Apesar do relato de evolução na função, diários da Câmara
Municipal mostram que o salário de Cileide diminuiu. Ela ingressou em 2001 como
assessora especial, cargo que hoje corresponde a uma remuneração de R$ 15.231.
Na hierarquia do gabinete, estava abaixo de Ana Cristina, que foi nomeada
assessora-chefe, com um salário que hoje chega a R$ 21.244.
“Ela era uma pessoa mais da confiança do deputado do que
nossa. Veio trabalhar com a gente há muito tempo, veio com a segunda esposa do
deputado”, disse o chefe de gabinete de Carlos.
Enquanto esteve lotada no gabinete de Carlos, Cileide foi
laranja de Ivan, ex-marido de Ana Cristina, em empresas de telecomunicação até
2007. O militar, que hoje está reformado, diz não considerar esse termo
adequado, mas admite que ela “emprestou o nome” para ele, que não podia assumir
formalmente a direção das empresas. Com isso, Cileide assinava em seu lugar.
Repetindo que não prejudicaria a ex-babá, Ivan nega que
Cileide recebesse salário no gabinete de Carlos sem trabalhar para o vereador e
afirma que a ex-funcionária nunca atuou para a sua empresa. “Aquele período em
que ficou vinculada ao gabinete com o nome na empresa incomodava muito a nós
todos”, diz.
Em setembro de 2004, quando duas empresas foram constituídas
em seu nome, Cileide abriu mão da vaga de assessora especial para outros
funcionários de Carlos. Com isso, a assessora (que, segundo o chefe de
gabinete, passou de ajudante a coordenadora do escritório de Bolsonaro) viu sua
remuneração despencar ao assumir o cargo formal de auxiliar de gabinete.

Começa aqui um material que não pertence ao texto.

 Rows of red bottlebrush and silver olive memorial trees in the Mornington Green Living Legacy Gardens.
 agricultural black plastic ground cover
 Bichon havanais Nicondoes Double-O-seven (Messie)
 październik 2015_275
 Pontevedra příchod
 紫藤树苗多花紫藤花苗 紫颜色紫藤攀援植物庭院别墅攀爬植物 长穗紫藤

Ainda segundo o chefe de gabinete de Carlos, Cileide foi
exonerada pelo vereador por ter completado sua formação educacional e passado a
atuar como instrumentadora cirúrgica.
Segundo ele, Bolsonaro pediu que Cileide deixasse o gabinete
para evitar suspeitas de que a funcionária não estivesse, de fato, trabalhando
para o vereador. O presidente, diz, solicitou a mudança para não dizerem que
ela não estaria cumprindo expediente.
A reportagem teve acesso a documentos que indicam que
Cileide continua morando na casa de Bento Ribeiro, propriedade do presidente,
mesmo depois de ter sido exonerada por Carlos. Embora a conta de luz e o IPTU
estejam em nome de Bolsonaro, Cileide registra o endereço como o de sua
residência em outros documentos oficiais, como o cadastro do SUS (Sistema Único
de Saúde).
Dados disponíveis no site da Câmara dos Deputados mostram
que desde 2009, primeiro ano em que os deputados tiveram que prestar contas da
cota parlamentar, Bolsonaro pagou com dinheiro público contas de luz e água da
casa em que morava Cileide. A cota é destinada a custear gastos exclusivamente
vinculados ao exercício da atividade parlamentar.

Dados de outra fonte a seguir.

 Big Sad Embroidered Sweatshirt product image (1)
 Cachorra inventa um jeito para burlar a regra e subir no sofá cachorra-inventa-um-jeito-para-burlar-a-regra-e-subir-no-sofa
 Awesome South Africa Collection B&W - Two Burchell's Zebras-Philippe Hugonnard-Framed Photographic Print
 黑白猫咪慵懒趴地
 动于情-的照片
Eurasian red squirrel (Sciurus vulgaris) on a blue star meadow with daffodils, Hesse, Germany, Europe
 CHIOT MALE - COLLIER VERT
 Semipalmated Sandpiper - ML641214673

No início do ano, Carlos Bolsonaro nomeou quatro assessores
que já trabalhavam na casa de Bento Ribeiro, a serviço do então deputado
federal Jair Bolsonaro. Eles permanecem cumprindo expediente na residência, que,
segundo o chefe de gabinete de Carlos, agora funciona como escritório do
vereador.
O chefe de gabinete diz que o filho do presidente já assumiu
formalmente as despesas como internet e televisão, enquanto o IPTU e a luz
continuam no nome do pai. “Montamos uma estrutura para o pessoal trabalhar.
Como vai colocar 18 funcionários dentro do gabinete?”, questiona.
A carga horária prevista para assessores comissionados da
Câmara do Rio é de seis horas diárias, que não precisam ser cumpridas no espaço
físico da Casa. Esses assessores não batem ponto e têm a frequência assinada
pelo próprio vereador.
A reportagem foi três vezes à porta do escritório. Em todas
as tentativas, foi atendida por uma assessora de Carlos, que disse que Cileide
não estava em casa. Pelo telefone, a ex-funcionária disse que não falaria com
a Folha. Ela também não respondeu a email e mensagens de WhatsApp.
Reportagem de abril publicada pela Folha relevou
que Carlos Bolsonaro empregou uma idosa que nega ter trabalhado para vereador. Nadir
Barbosa Goes, 70, figurava até janeiro passado na lista de assessores do
vereador e recebia, como oficial de gabinete, uma remuneração de R$ 4.271
mensais.
A Folha procurou a ex-funcionária, que não
quis responder quais atividades desempenhava. Somente afirmou que nunca
trabalhou para o filho do presidente. Ao final da ligação, disse: "Fala
com o vereador que eu não sei de nada".
Desde o ano passado, suspeitas de irregularidades na
contratação de assessores recaem sobre Bolsonaro e seus filhos políticos. Em
dezembro, a Folha revelou que, quando deputado federal, o
presidente empregou em seu gabinete a personal
trainer Nathalia Queiroz, que atuava em academias do Rio de Janeiro.
Ela é filha de Fabrício Queiroz, policial militar aposentado
e ex-assessor de Flávio Bolsonaro na Assembleia Legislativa do Estado do Rio.
Flávio agora é senador, e Queiroz passou a ser investigado pelo Ministério
Público depois que o governo federal identificou movimentações
financeiras atípicas em sua conta.
Alvo de investigações cível e criminal, o ex-assessor de
Flávio disse por meio de sua defesa que recolhia parte do salário dos
funcionários do gabinete para distribuir a outras pessoas que também
trabalhavam para o então deputado estadual. Segundo ele, Flávio não tinha
conhecimento da prática.
A versão de Queiroz sobre a contratação de assessores
informais para Flávio teve como objetivo explicar a movimentação atípica de R$
1,2 milhão em sua conta bancária entre janeiro de 2016 e janeiro de 2017.
Além do volume movimentado, chamou a atenção a forma da
operação, com seguidos depósitos em dinheiro em espécie de altos valores e
saques subsequentes. A entrada do dinheiro ocorria logo após as datas de
pagamentos dos servidores da Assembleia, o que levantou a suspeita da prática
da "rachadinha" —devolução de parte do salário do funcionário.
O Coaf, órgão do governo federal, também identificou
transferência de ao menos dez funcionários do gabinete de Flávio para Queiroz,
incluindo a filha e a mulher do PM aposentado. Todos foram intimados a depor no
fim do ano passado e são alvo das investigações cíveis e criminais --incluindo
mulher e a mãe do ex-PM Adriano da Nóbrega, foragido apontado como chefe da
milícia de Rio das Pedras.
Os dois procedimentos são sigilosos, motivo pelo qual o
Ministério Público não se pronuncia sobre seu andamento.